Dataset content Block Start
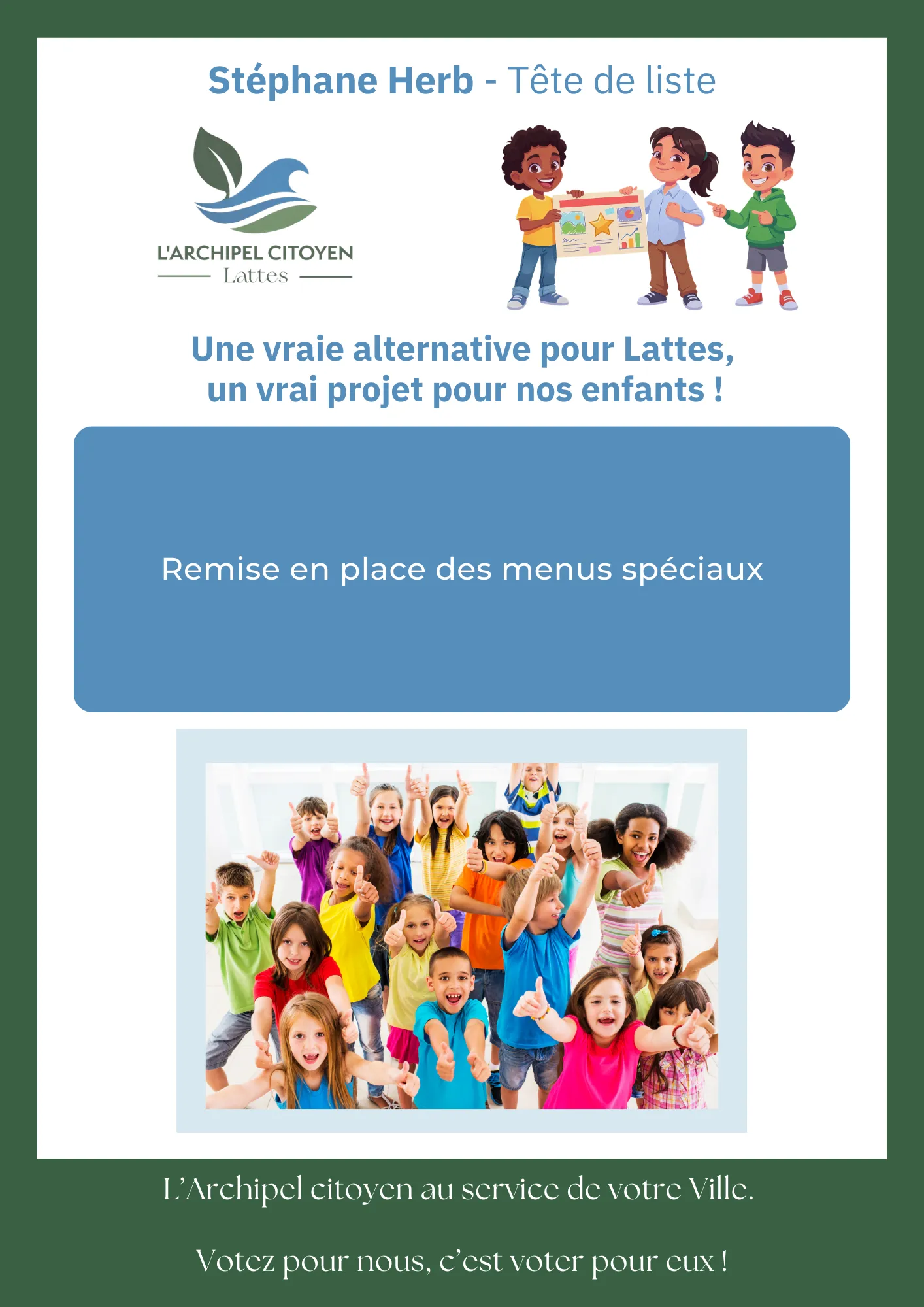 Remise en place des menus spéciaux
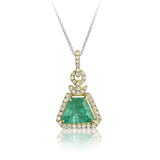 P5003-14K Y/G .31 SEMI PENDANT WITH 10.5.X 8 X 7.8MM TRAPAZOID GENUINE EMERALD*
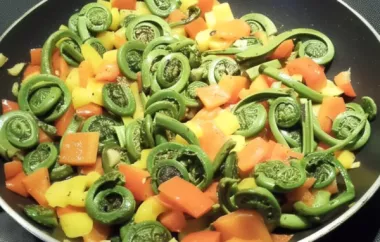 Delicious Spring Fiddleheads and Sweet Peppers Recipe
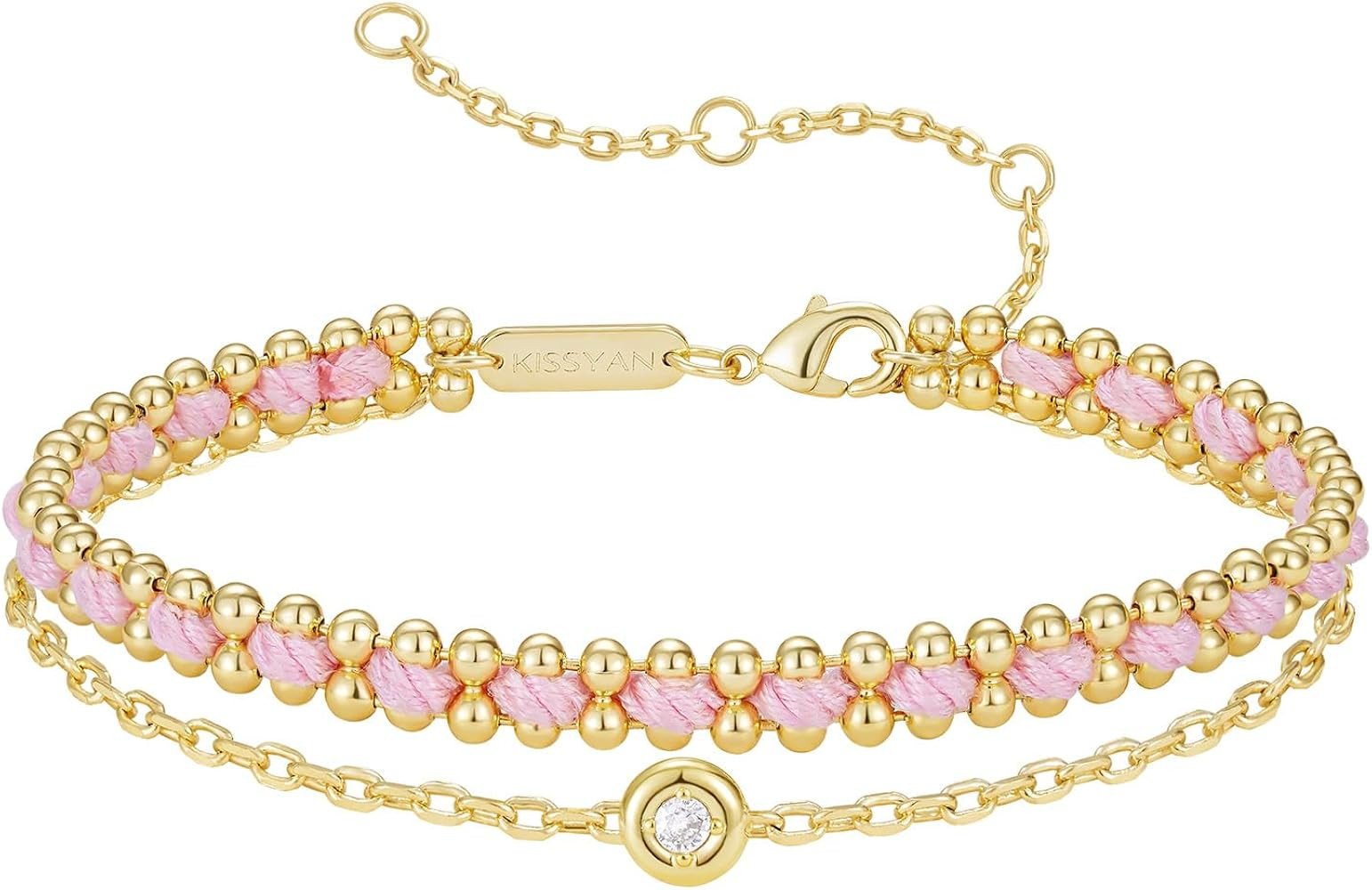 KissYan Valentine Gold Bracelet for Women, Layered Sports Stack Bracelet, 14K Gold Plated Link Br... | Amazon (US)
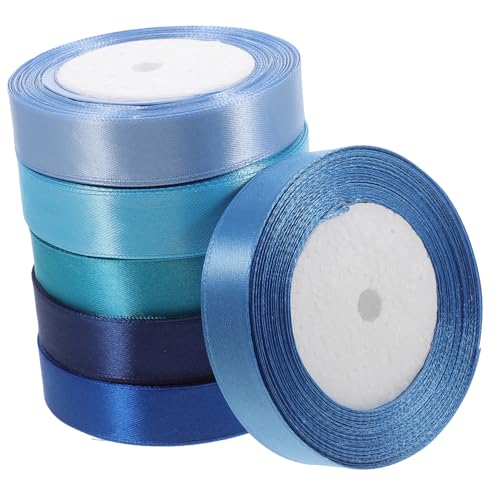 EPIGEIST 6 Rollen Satin Geschenkband in Farben Glattes Farbechtes Dekoband zum Schneiden Vielseitig für Geschenkverpackung Festival Deko und DIY Hochzeitsschleifen von EPIGEIST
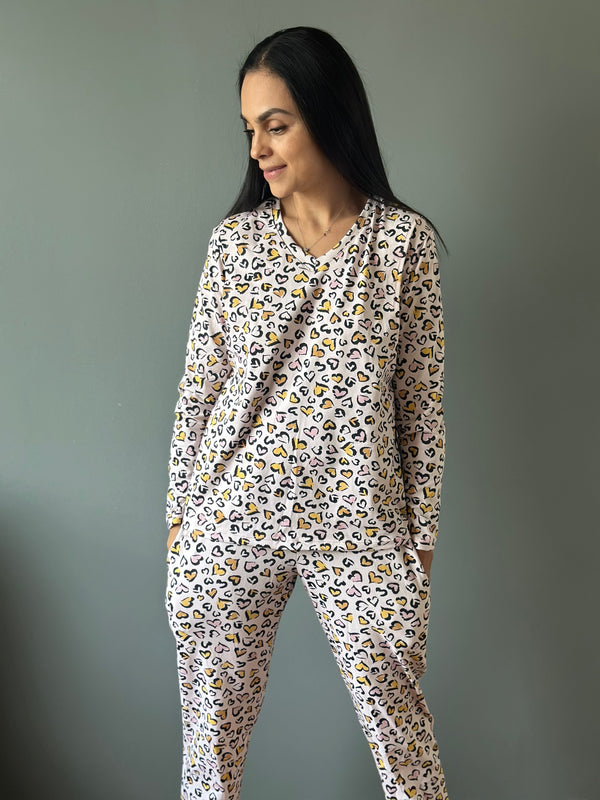 Pijama de maternidad y lactancia •Corazones print• con ALGODÓN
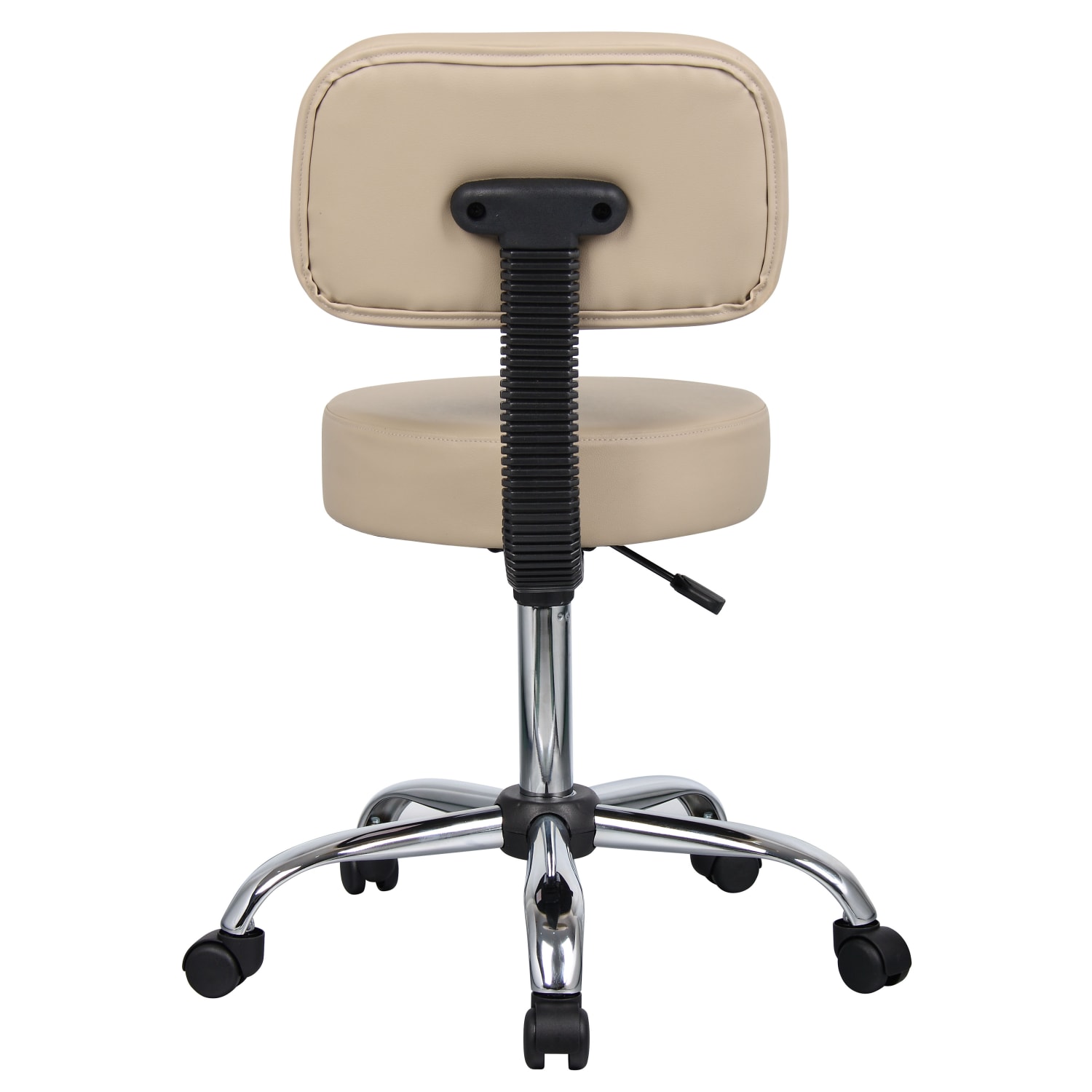 Boss Office Products Antimicrobial Medical Stool With Back, Beige/Chrome - Image 4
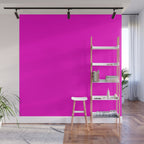 BRIGHT MAGENTA SOLID COLOR Plain Vibrant Hot Pink Shade Wall Mural Gallery Image 1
Dataset content Block End
- **What you have to do**
When copying from the data above, print only the lines from the line containing "EPIGEIST 6 Rollen" to the line containing "Pijama de maternidad", exactly, and leave the pictures out.

- **Response to the exercise**
 EPIGEIST 6 Rollen Satin Geschenkband in Farben Glattes Farbechtes Dekoband zum Schneiden Vielseitig für Geschenkverpackung Festival Deko und DIY Hochzeitsschleifen von EPIGEIST
 Pijama de maternidad y lactancia •Corazones print• con ALGODÓN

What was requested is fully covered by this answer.